Entre las góndolas de un minimercado escucho el reclamo de una mujer. Se queja con el verdulero porque, asegura, le vendió verduras podridas a su marido. No sé quién es su marido, responde el hombre, con un tono que en realidad dice: “veo muchas caras por día como para acordarme de la de su marido, estoy clavado en esta verdulería cuando en realidad me gustaría vivir en el fondo del mar, como la sirenita”. La mujer se vuelve gentil y termina comprando unos tomates. Me acerco a la caja y la veo, aunque en realidad veo un detalle: tiene los pelos de la parte posterior de la cabeza aplastados. De frente su peinado es correcto, pero desde atrás parece que le abollaron el cráneo con un bate. Ese detalle me hace viajar en el tiempo. Cuando iba a la primaria tenía una maestra de lengua que siempre estaba arreglada, se pintaba mucho. Los días de lluvia llevaba un paraguas sofisticado que me parecía una reliquia, una pieza de museo. Era la señorita Ana María. La pobre no se daba cuenta de que su fachada se venía abajo cuando se daba vuelta. Se arreglaba en el espejo del baño, temprano, todavía medio dormida, y nunca se daba vuelta para comprobar la mitad trasera de su cuerpo. Yo no era el único que lo notaba, mis compañeros también se reían del peinado fallido. Me acuerdo de otra cosa de Ana María: siempre nos decía que cada noche, en la oscuridad de nuestras camas, teníamos que hacer un balance de todo lo bueno y lo malo que habíamos hecho durante el día, para poder dormirnos en paz. Cuantos de nosotros nos habremos dormido llenos de culpa por los resultados de ese ejercicio diario. Ana María era una agente encubierta, aunque nada encubierta, del cristianismo.
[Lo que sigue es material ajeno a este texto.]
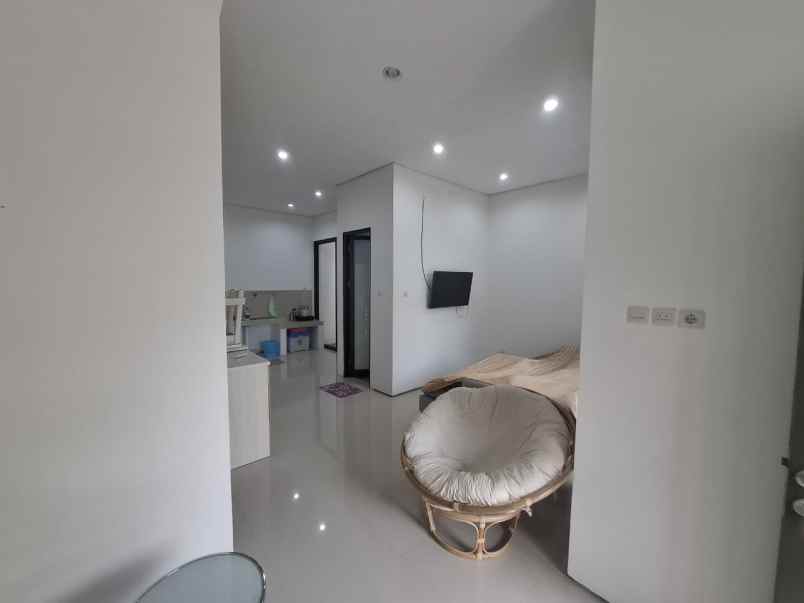 dijual rumah pakuwon city grand island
La fuerza de los detalles es increíble. Dicen demasiado. Son un modo de conocimiento, pero también son la forma primordial del recuerdo. Uno no recuerda hechos en el tiempo, no recuerda duración; a lo sumo recuerda gifs, instantáneas, capturas. En un tomo de su monumental De la misma llama, Darío Cantón vuelve a su infancia. Y recuerda detalles, como “el chillido penetrante, desesperado de los lechones a punto de ser sacrificados”. Al repasar los accidentes de sus parientes, recuerda el de su tío Juan, que trabajaba en la panadería familiar y al que tuvieron que amputarle un brazo por meterlo en una de las máquinas. Cantón recuerda sólo un detalle: “haberlo visto, poco después del accidente, ingeniándoselas, todavía algo torpemente, para encender un fósforo con una sola mano”.
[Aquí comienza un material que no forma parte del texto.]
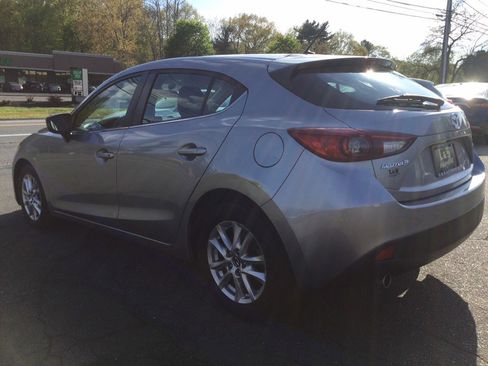 Used 2016 MAZDA MAZDA3 i Sport w/ Preferred Equipment Package FWD image 10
En algunos detalles se concentra un lapso de vida. El fin de semana estuve en casa de unas amigas que son como mis hermanas. Comí, dormí, crecí en esa casa. Cuando entré al baño, las paredes me recibieron con un pequeño shock: azulejos blancos, florecitas azules y verdes. Ya los había olvidado, pero ahí estaban otra vez. Acerqué el ojo y nos vi a todos en miniatura: nosotros, nuestros padres, los juguetes, las mascotas, los muebles que desaparecieron, todo metido en unas florcitas pintadas.